DATA SECTION:
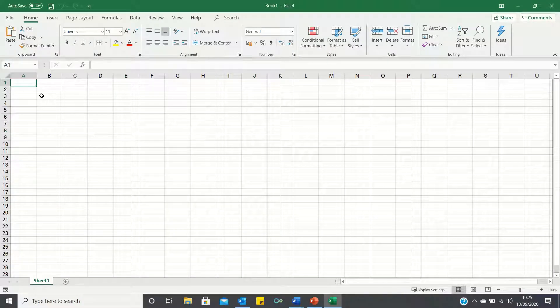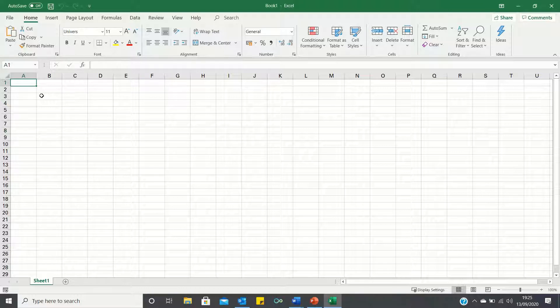Hello everyone and welcome to this video where I'll show you how to display the Developer tab in the Excel ribbon, which is usually hidden by default.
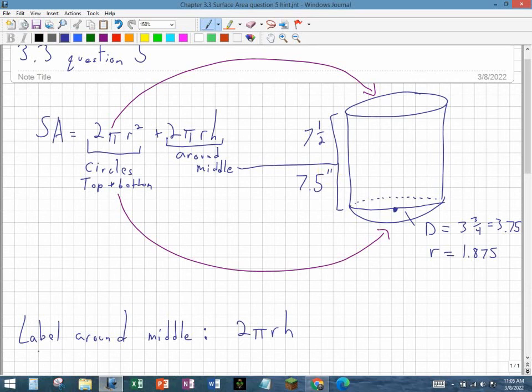The diameter of this bottle or cylinder is 3¾, which is 3.75. I want the radius, which is half of 3.75, so I divide it by 2 and get 1.875.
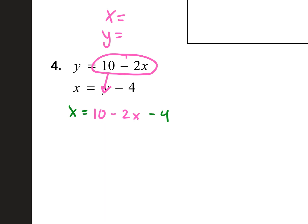So I have x equals, and I take the whole thing for y and plug it in: 10 minus 2x minus 4. I took the y in the first equation — 10 minus 2x — and plugged it into the y in the second, because this is what y is equal to. The second equation stayed the same, but the y part changed. Now let's simplify and combine like terms. What is 10 minus 4? Six. So you have x equals 6 minus 2x. If you have to move it to the other side of the equation, you do the opposite — so we add 2x.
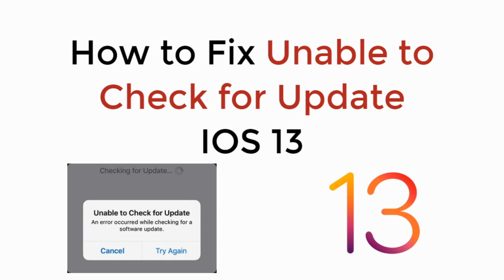In this video we will learn how to fix unable to check for updates on iOS 13, so let's begin.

TASK PROMPT: Each line from the line containing "So I have x" through the last line above must be written out exactly, and every picture must be omitted.

ANSWER TO THE EXERCISE:
So I have x equals, and I take the whole thing for y and plug it in: 10 minus 2x minus 4. I took the y in the first equation — 10 minus 2x — and plugged it into the y in the second, because this is what y is equal to. The second equation stayed the same, but the y part changed. Now let's simplify and combine like terms. What is 10 minus 4? Six. So you have x equals 6 minus 2x. If you have to move it to the other side of the equation, you do the opposite — so we add 2x.
In this video we will learn how to fix unable to check for updates on iOS 13, so let's begin.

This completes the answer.